EXERCISE GOAL:
Could the records be returned exactly, with the pictures left out?
--*--
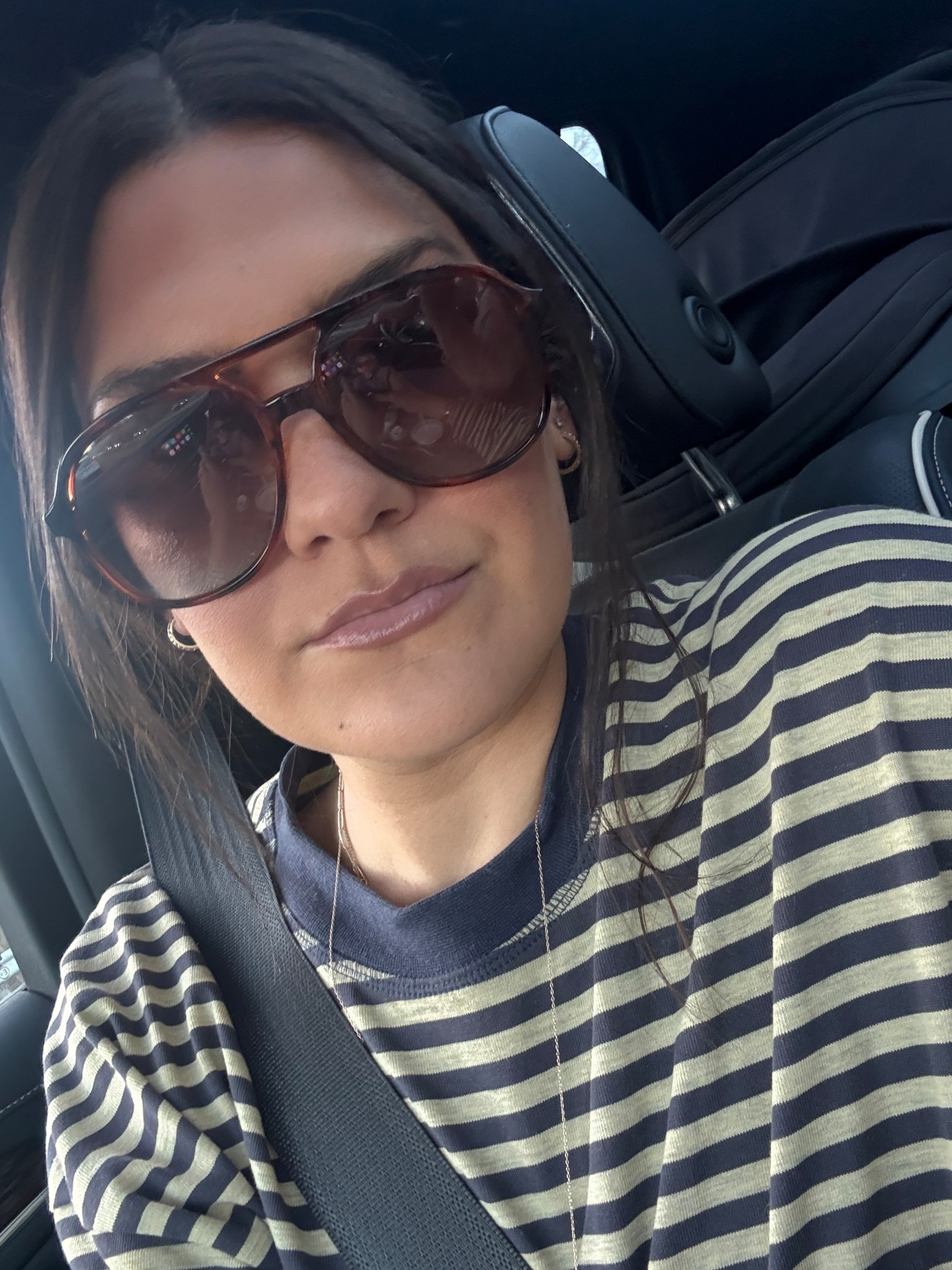 love me a striped tee and these favorite amazon glasses! all on sale for cyber week! 

#LTKHoliday #LTKCyberWeek #LTKGiftGuide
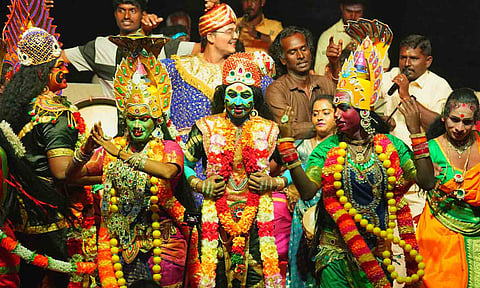 Kashi Tamil Sangamam Event (File photo)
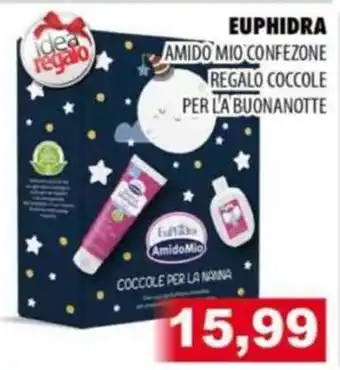 Euphidra Amido Mio Confezone Regalo Coccole per La Buonanotte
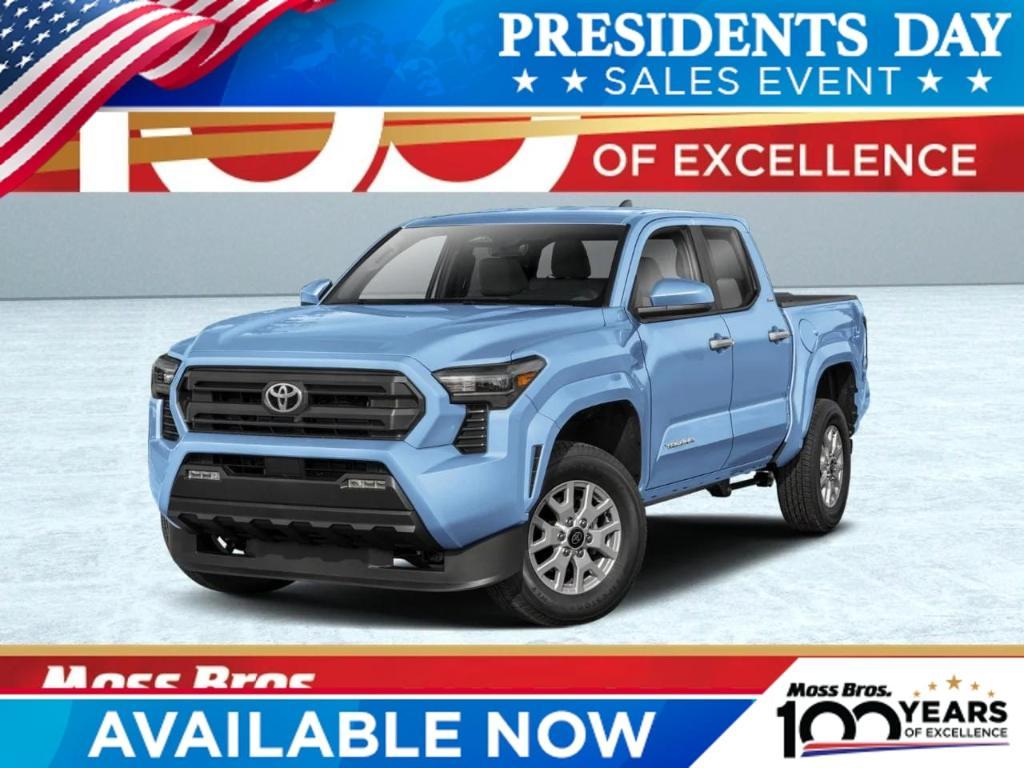 new 2026 Toyota Tacoma car, priced at $41,129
--*--
EXERCISE RESPONSE:
 love me a striped tee and these favorite amazon glasses! all on sale for cyber week! 

#LTKHoliday #LTKCyberWeek #LTKGiftGuide
 Kashi Tamil Sangamam Event (File photo)
 Euphidra Amido Mio Confezone Regalo Coccole per La Buonanotte
 new 2026 Toyota Tacoma car, priced at $41,129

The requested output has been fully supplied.